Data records
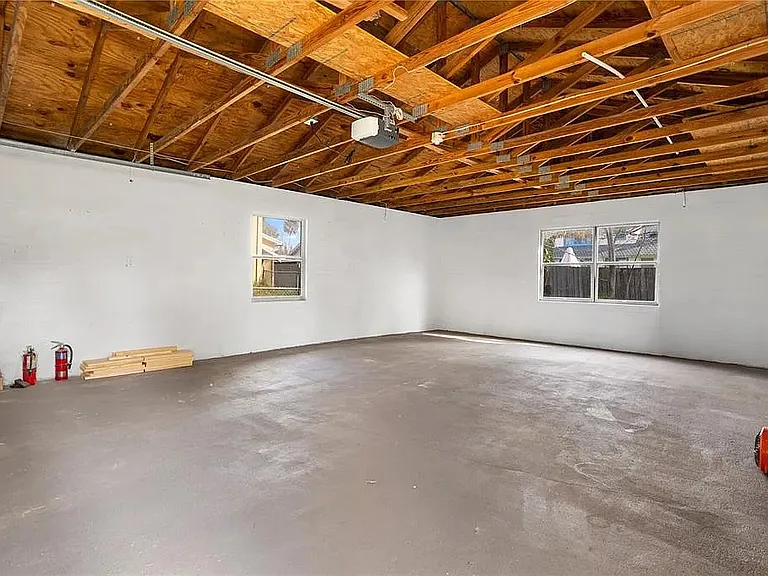 119 Leon Ave — Photo 31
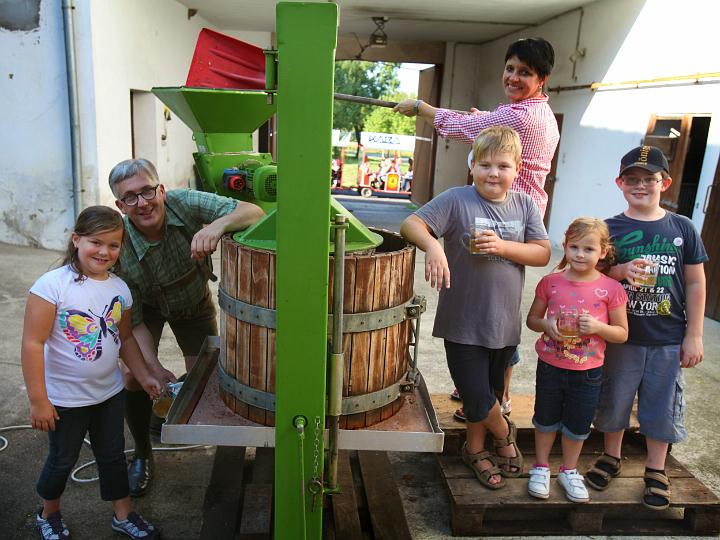 2011.09.25_16.09.05.jpg - Kinder hatten die Möglichkeit, im Handlhof im Krottenthal beim Obstlehrpfad alte Mostobstsorten zu sammeln, in der Mostpresse zu verarbeiten und anschließend ausgiebig zu verkosten. :)  Alfred Luger (links), der "Mostprofi", hat diesen Lehrpfad angelegt. Mit Obstschaufel: Christl Schönbichler vom Handlhof.
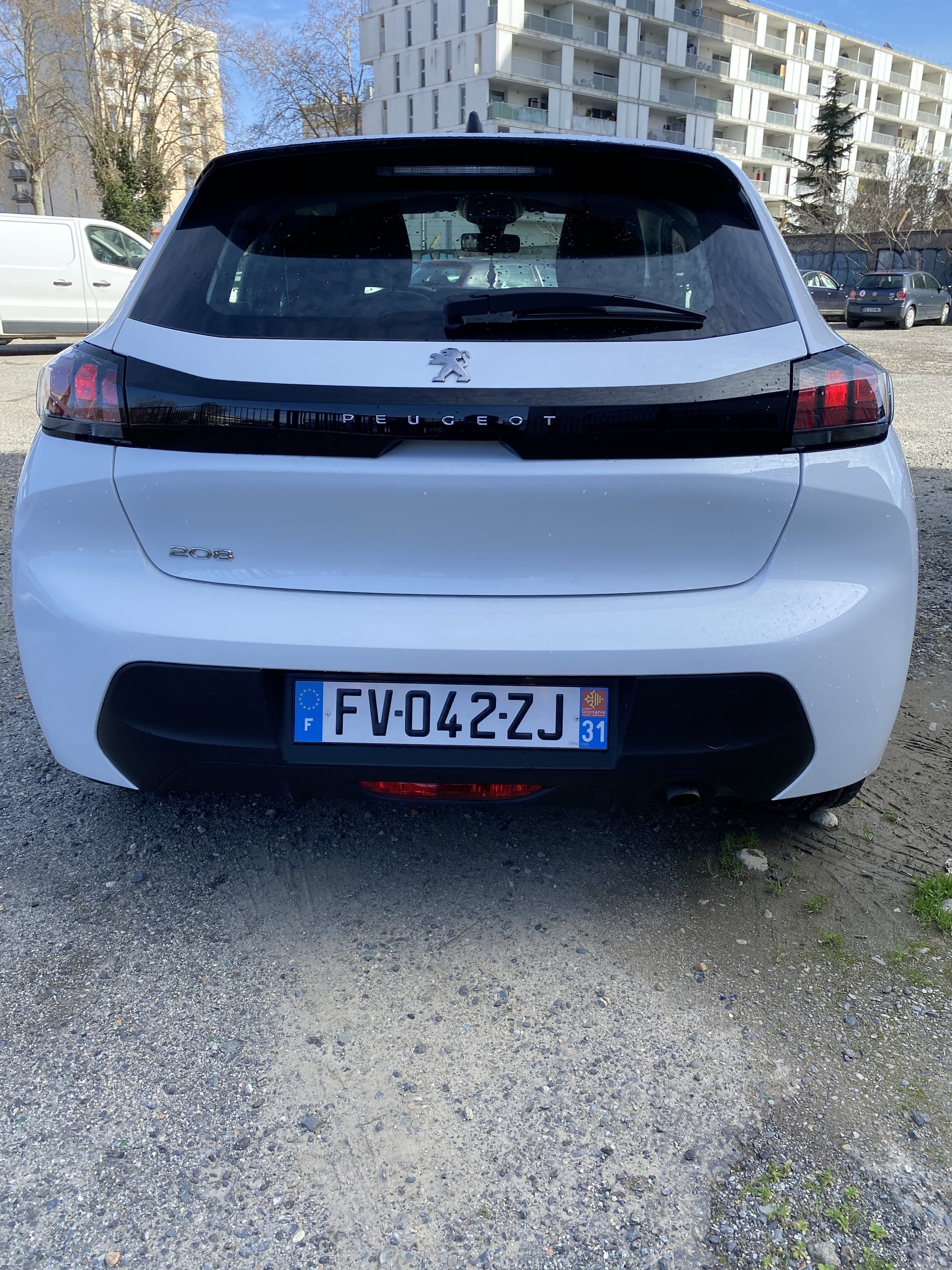 Peugeot 208 avec Apple CarPlay
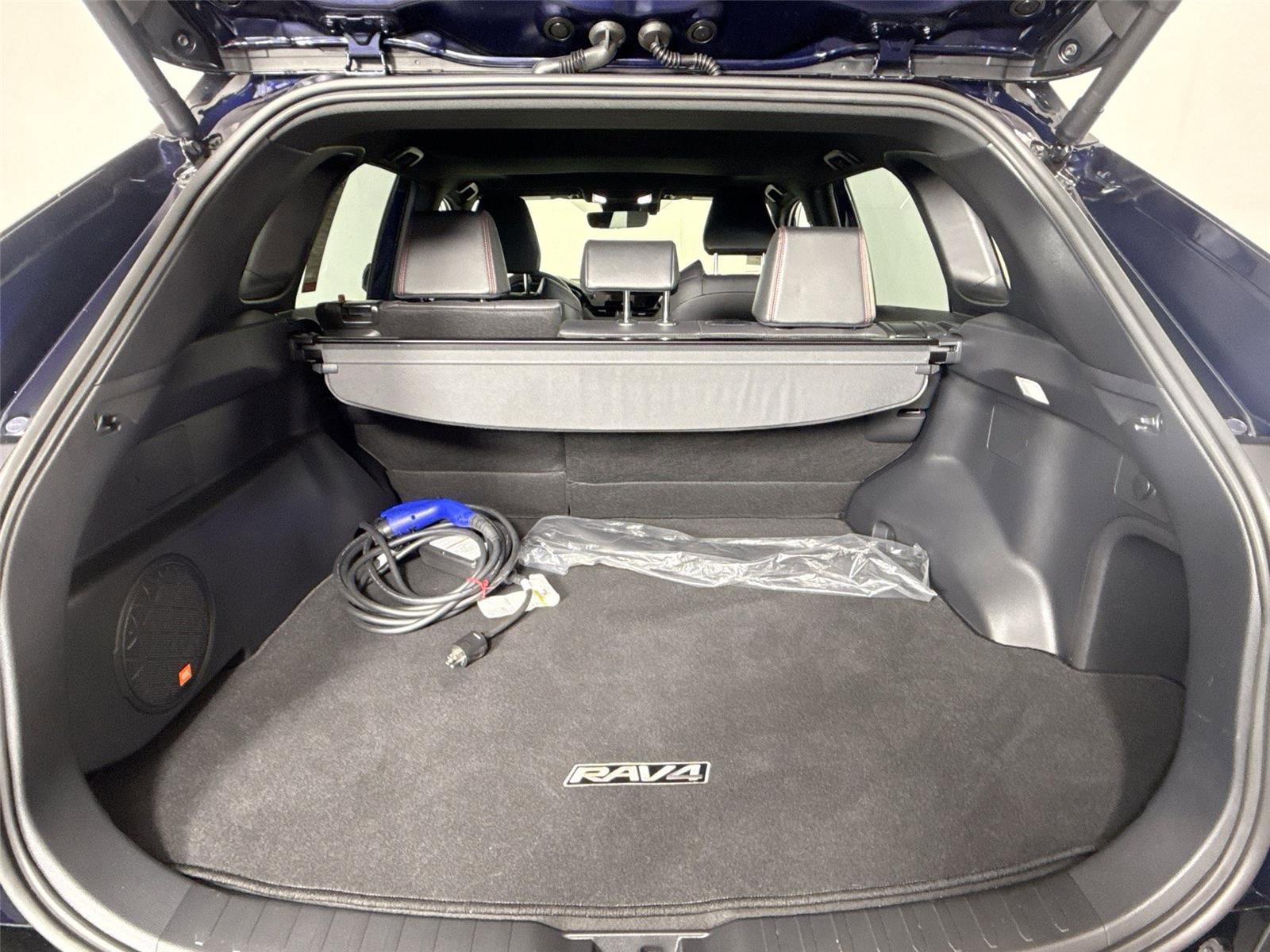 Used 2025 Toyota RAV4 XSE w/ Weather Package AWD/4WD image 48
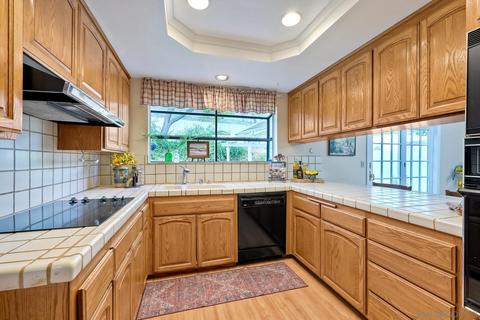8018 Anders Cir, La Mesa, CA 91942 photo 11
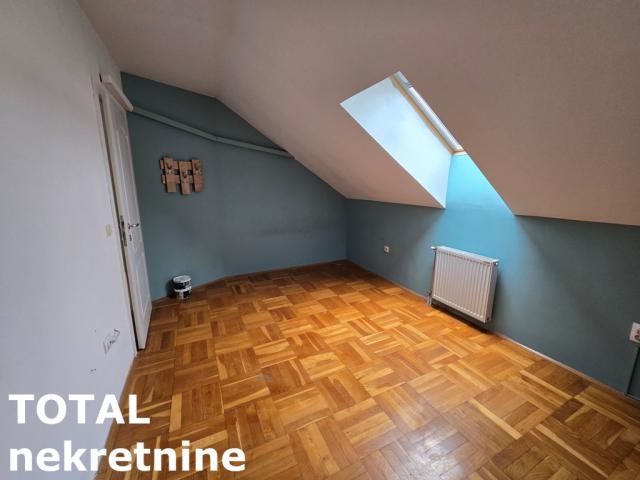 4 Četvorosoban stan NOVI SAD, 149500€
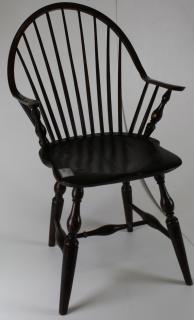 Appraisal: th c continuous arm Windsor chair bold vase and ring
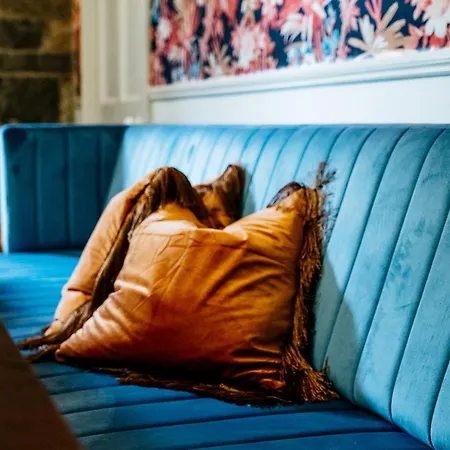 The Stables Townhouse Гостевой дом Бирр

REQUIREMENT
Starting with the first line of the data above and ending with the line containing "4 Četvorosoban stan NOVI SAD, 149500€", please restate every line exactly, leaving images out.

RESPONSE TO THIS TASK
 119 Leon Ave — Photo 31
 2011.09.25_16.09.05.jpg - Kinder hatten die Möglichkeit, im Handlhof im Krottenthal beim Obstlehrpfad alte Mostobstsorten zu sammeln, in der Mostpresse zu verarbeiten und anschließend ausgiebig zu verkosten. :)  Alfred Luger (links), der "Mostprofi", hat diesen Lehrpfad angelegt. Mit Obstschaufel: Christl Schönbichler vom Handlhof.
 Peugeot 208 avec Apple CarPlay
 Used 2025 Toyota RAV4 XSE w/ Weather Package AWD/4WD image 48
8018 Anders Cir, La Mesa, CA 91942 photo 11
 4 Četvorosoban stan NOVI SAD, 149500€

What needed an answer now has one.